O material detalha o fenômeno do coronelismo, baseado no controle da terra e na capacidade dos "coronéis" locais de mobilizar (ou coagir) o eleitorado rural através do voto de cabresto, em troca de favores e proteção. Você vai entender como esse poder local se articulava com o governo estadual e federal através da Política dos Governadores, consolidada por Campos Sales, um pacto que garantia a eleição de aliados em todos os níveis.
A lição também examina mecanismos institucionais de fraude, como a "degola" — a anulação, pela Comissão Verificadora de Poderes do Congresso, da diplomação de candidatos de oposição eleitos — e o Convênio de Taubaté (1906), que instituiu a política de valorização do café através da compra de excedentes pelo governo, evidenciando como o Estado protegia os interesses da elite cafeicultora.
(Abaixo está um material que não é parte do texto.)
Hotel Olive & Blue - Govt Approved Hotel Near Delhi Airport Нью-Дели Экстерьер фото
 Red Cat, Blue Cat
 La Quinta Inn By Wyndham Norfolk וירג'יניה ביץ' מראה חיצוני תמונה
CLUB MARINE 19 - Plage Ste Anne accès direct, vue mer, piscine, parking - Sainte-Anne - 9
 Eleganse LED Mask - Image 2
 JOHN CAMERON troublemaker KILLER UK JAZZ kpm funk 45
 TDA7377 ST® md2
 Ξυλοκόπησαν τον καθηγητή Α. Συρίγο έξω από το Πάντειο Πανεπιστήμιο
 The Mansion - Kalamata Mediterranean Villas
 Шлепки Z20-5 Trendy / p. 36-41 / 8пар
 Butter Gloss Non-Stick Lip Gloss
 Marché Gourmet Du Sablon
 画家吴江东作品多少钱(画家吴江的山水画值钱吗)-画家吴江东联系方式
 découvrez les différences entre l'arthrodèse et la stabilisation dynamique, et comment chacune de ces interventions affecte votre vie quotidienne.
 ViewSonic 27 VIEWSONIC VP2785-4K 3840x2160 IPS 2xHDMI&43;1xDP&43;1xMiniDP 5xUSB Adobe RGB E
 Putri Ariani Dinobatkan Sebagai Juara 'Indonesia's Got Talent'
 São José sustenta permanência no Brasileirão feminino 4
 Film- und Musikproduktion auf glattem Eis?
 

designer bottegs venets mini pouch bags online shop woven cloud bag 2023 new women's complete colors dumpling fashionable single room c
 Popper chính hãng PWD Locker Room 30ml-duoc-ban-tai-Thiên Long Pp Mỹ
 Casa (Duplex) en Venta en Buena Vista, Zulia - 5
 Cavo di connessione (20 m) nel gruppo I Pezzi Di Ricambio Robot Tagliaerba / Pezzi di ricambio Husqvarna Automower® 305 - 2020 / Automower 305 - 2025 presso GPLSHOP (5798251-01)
Por fim, o material analisa a crise que encerrou esse arranjo político: o rompimento entre São Paulo e Minas Gerais quando Washington Luís indicou Júlio Prestes (paulista) para sua sucessão, quebrando o acordo de alternância. Esse rompimento levou à formação da Aliança Liberal e, combinado à crise econômica de 1929 e à pressão do movimento tenentista, culminou na Revolução de 1930.
A Primeira República brasileira estruturou-se sobre um federalismo que, na prática, sustentava o domínio das oligarquias regionais. A política do café-com-leite — a alternância de poder entre São Paulo e Minas Gerais — e o coronelismo, baseado no controle local da terra e do eleitorado, formavam um sistema de poder consolidado pela Política dos Governadores. Esse arranjo desmoronou em 1930, quando o rompimento entre as elites paulista e mineira, somado à crise econômica mundial, abriu caminho para a Revolução de 1930.
A Constituição de 1891 estabeleceu um novo modelo de organização política para o Brasil. Qual foi a principal característica desse modelo que permitiu maior autonomia aos estados?
A adoção do regime federativo.
A Constituição de 1891 instituiu o federalismo, descentralizando o poder e concedendo maior autonomia aos estados, que passaram a ter constituições próprias e maior controle sobre suas finanças e forças policiais.